Applicabilità dell'aggravante dell'art. 625 n. 7 c.p. nel caso di furto di beni oggetto di procedura fallimentare

06 Agosto 2021

Il furto di beni inventariati all'attivo fallimentare si può equiparare al furto di un bene soggetto a pignoramento e quindi applicare l'aggravante prevista dall'art. 625 n. 7 c.p.?

Il furto di beni inventariati all'attivo fallimentare si può equiparare al furto di un bene soggetto a pignoramento e quindi applicare l'aggravante prevista dall'art. 625 n. 7 c.p.?

In caso di furto di beni avvenuto durante la procedura fallimentare, e quindi dopo la dichiarazione di fallimento e l'apposizione dei sigilli, il delitto deve ritenersi aggravato ex ex art. 625 n. 7 c.p. come per il caso di beni sottoposti a pignoramento. Tale soluzione si ricava dai principi giurisprudenziali dettati dalla Corte di Cassazione (Cass. pen., 26 gennaio 1965, Dessalvi, GP 66, II, 94; Cass. pen., 16 maggio 1967, Fortino, CPMA 68, 721; Cass. pen., 2 aprile 1971, Campanella, 89).

Riferimenti normativi - Le principali norme attinenti al presente quesito sono le seguenti: art. 624 c.p. (Furto), art. 625 c.p. (Circostanze aggravanti), art. 16 L.F. (Sentenza dichiarativa di fallimento), art. 42 L.F. (Beni del fallito), art. 84 L.F. (Dei sigilli), art. 87 L.F. (Inventario).

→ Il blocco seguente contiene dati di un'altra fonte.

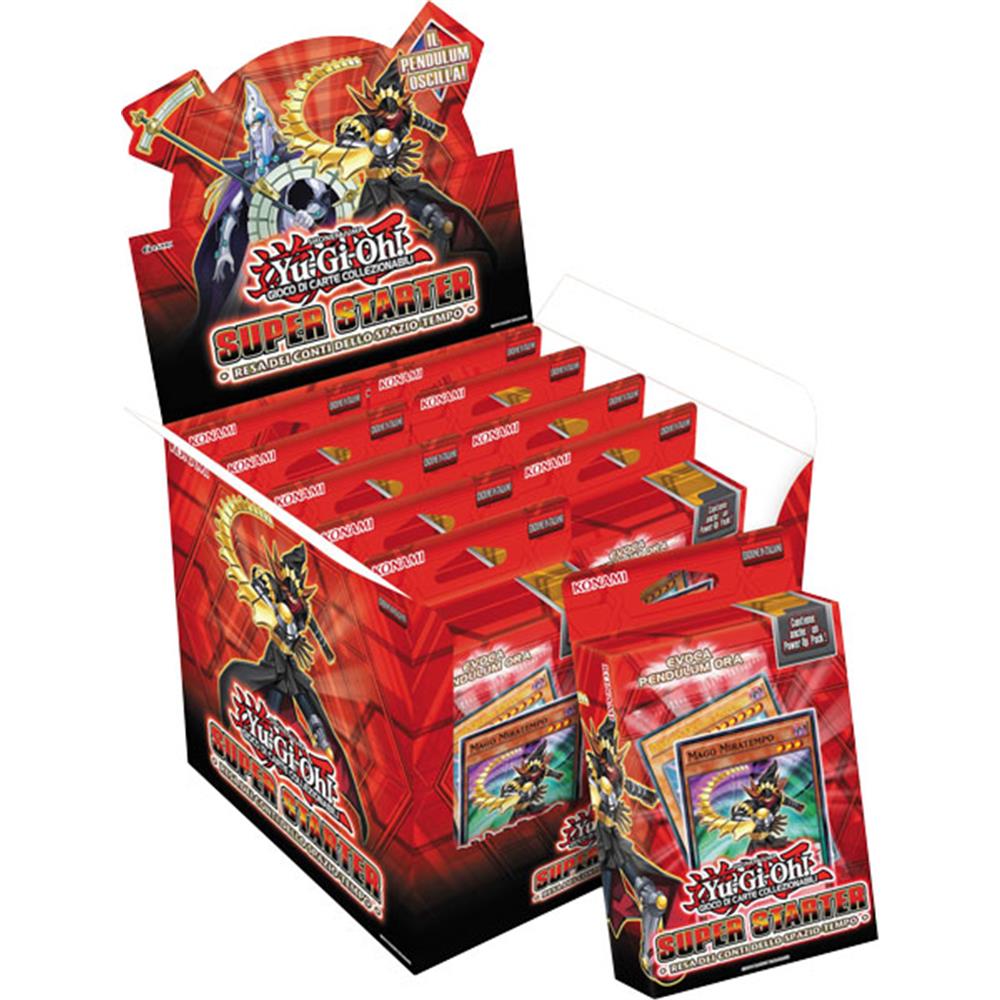  Display YGO 10x Super Starter Deck  Resa dei Conti dello Spazio Tempo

Le motivazioni della giurisprudenza - La giurisprudenza prevalente ritiene che, dopo la dichiarazione di fallimento e l'apposizione dei sigilli, il delitto di furto debba ritenersi aggravato ex art. 625 n. 7 c.p. E ciò in quanto anche nella procedura fallimentare si ravvisano, in relazione all'intero patrimonio del fallito, gli effetti relativi al pignoramento nell'esecuzione singolare. Sicché allo spossessamento seguono, nell'esecuzione concorsuale, tutti quegli atti quali l'apposizione dei sigilli e l'inventario che mirano alla conservazione del patrimonio del fallito e che corrispondono, sia nella sostanza che negli effetti, al pignoramento.

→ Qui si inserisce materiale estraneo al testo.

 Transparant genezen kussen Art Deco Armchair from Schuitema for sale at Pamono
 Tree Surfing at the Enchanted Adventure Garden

Pertanto, secondo i giudici di legittimità, l'applicazione dell'art. 625 n. 7 c.p. non comporterebbe il ricorso al procedimento analogico, ma un'interpretazione estensiva rivolta ad ampliare il significato letterale della norma, grazie all'intrinseca forza espansiva che è data dalla ratio di questa (Cass. pen., 26 gennaio 1965, Dessalvi, GP 66, II, 94; Cass. pen., 16 maggio 1967, Fortino, CPMA 68, 721; Cass. pen., 2 aprile 1971, Campanella, 89).

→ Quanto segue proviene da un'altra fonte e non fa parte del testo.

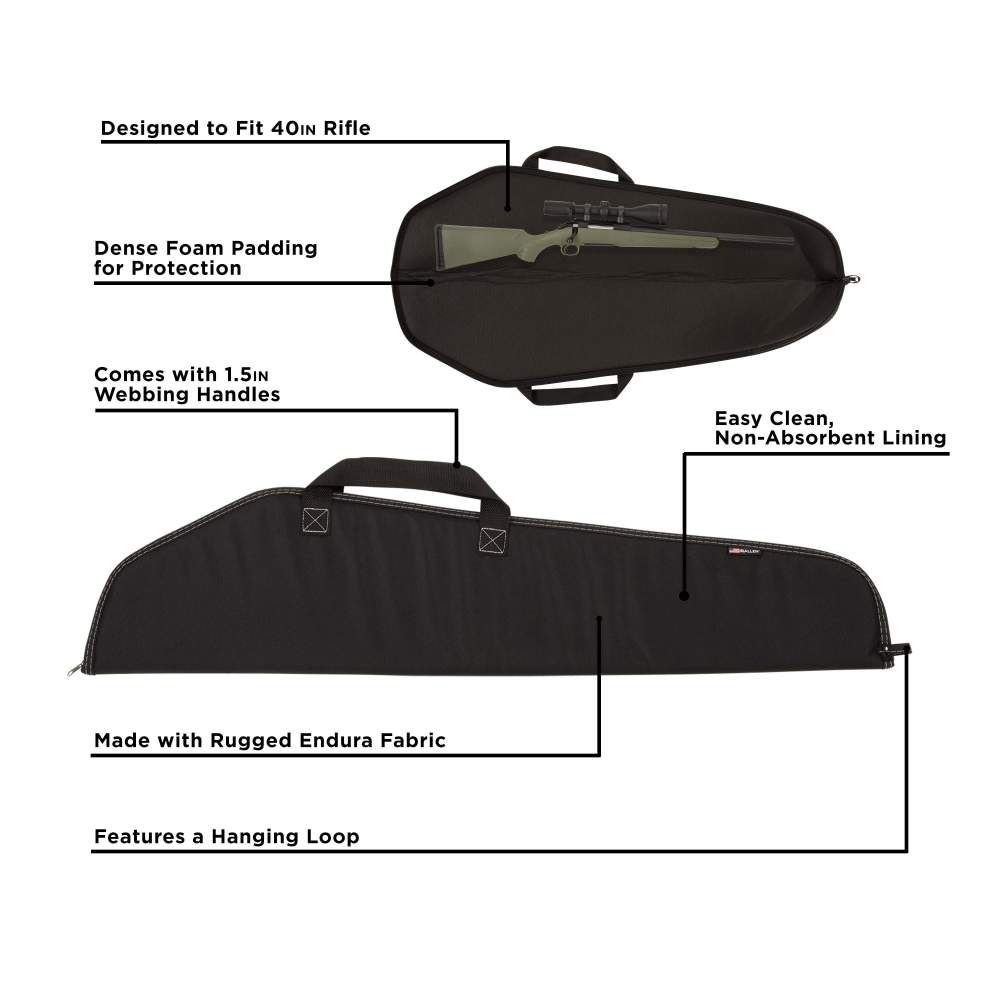 Allen Durango Rifle Case - 40-Inch Soft Gun Bag - Black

L'orientamento della dottrina - La dottrina non è concorde sulla possibilità di configurare l'aggravante ex art. 625 n. 7 c.p. in caso di sottrazione di beni relativi alla procedura fallimentare. Alcuni autori danno infatti parere negativo ritenendo che l'applicazione dell'aggravante implicherebbe un inammissibile procedimento analogico in malam partem (G. Pecorella; Fiandaca-Musco). Altri autori la ritengono invece ammissibile sostenendo che i beni del fallito si trovano nella medesima situazione di indisponibilità delle cose pignorate o sequestrate, sulla scia del prevalente orientamento giurisprudenziale.